A little bit of Joan Crawford goes a long way for me but this is nonetheless a very effective thriller.
Myra Hudson (Joad Crawford) is a celebrated playwright in addition to being an independently wealthy heiress. She goes to a rehearsal of her latest play and judges that the leading man Lester Blaine (Jack Palance) is not “romantic” enough. She has the clout to get him fired even though the director and producer think he is wonderful in the role.

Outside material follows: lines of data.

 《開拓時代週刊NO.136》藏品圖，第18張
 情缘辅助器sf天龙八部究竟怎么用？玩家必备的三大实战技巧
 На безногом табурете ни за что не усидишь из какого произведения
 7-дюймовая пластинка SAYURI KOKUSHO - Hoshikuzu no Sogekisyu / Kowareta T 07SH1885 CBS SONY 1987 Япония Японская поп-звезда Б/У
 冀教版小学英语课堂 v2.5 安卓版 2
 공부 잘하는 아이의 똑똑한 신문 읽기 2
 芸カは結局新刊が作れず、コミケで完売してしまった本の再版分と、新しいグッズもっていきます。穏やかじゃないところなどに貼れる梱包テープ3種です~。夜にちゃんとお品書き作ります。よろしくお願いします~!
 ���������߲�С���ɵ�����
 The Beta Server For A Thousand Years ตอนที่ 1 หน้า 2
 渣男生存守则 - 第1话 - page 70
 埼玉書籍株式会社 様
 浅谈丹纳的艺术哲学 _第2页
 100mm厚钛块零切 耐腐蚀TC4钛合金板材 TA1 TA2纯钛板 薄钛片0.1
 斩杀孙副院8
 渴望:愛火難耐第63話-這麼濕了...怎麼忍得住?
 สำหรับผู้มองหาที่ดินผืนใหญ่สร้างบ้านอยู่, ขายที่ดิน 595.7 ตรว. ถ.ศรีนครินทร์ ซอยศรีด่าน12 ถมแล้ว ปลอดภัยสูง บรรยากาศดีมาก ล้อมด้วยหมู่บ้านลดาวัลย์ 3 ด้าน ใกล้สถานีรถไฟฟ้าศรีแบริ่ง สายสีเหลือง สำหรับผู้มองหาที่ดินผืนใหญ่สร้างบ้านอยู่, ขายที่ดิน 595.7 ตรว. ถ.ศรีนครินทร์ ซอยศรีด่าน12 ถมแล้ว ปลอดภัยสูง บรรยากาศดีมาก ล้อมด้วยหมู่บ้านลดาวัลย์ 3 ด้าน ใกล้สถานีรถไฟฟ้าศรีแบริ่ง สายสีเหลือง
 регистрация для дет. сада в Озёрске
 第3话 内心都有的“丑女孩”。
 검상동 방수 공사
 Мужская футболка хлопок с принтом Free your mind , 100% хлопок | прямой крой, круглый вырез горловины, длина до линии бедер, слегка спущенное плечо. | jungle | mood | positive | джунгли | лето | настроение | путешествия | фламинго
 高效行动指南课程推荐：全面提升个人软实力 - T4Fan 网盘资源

The play, naturally, is a smash hit and Myrna heads back to her home town of San Francisco soon after the opening. She needs to relax so she takes the train. Lester just happens to be taking the same train. She spots him in Buffalo and soon they are playing cards and flirting with each other. By the time they reach San Francisco she has clearly changed her mind as to how “romantic” he is. They are married soon after.
After they return from their honeymoon, Myra throws a big party to introduce Lester to her friends. One of the guests is the son of her lawyer and he brings his latest flame, Irene Neves (Gloria Grahame). It turns out Lester knew Irene very, very well in the past. Soon they are seeing each other behind Myra’s back.
Irene happens upon a draft will drawn up by Myra’s lawyer that leaves Lester only $10,000 a year to be withdrawn on his remarriage. The couple decides that Myra must go before she can sign the will. But, unbeknownst to them, their conversation has been recorded on Myra’s automatic dictating machine and Myra is on to them. The rest of the film is a mostly dialogue-free telling of Myra’s heartbreak, revenge plan, and fearful encounter with Lester. With Mike Connors in his debut as the lawyer’s son.
The first part of the film is pretty standard melodrama sparked up by the always enjoyable Palance and Grahame. Then the film goes into high gear and it is one wild ride to the end. Crawford does a lot of acting with her eyebrows, but it seems appropriate this time given the panic she is in. This is a handsome looking film and well worth seeing at least once.
Sudden Fear was nominated for Oscars in the categories of Best Actress, Best Supporting Actor (Palance), Best Cinematography, Black-and-White, and Best Costume Design, Black-and-White.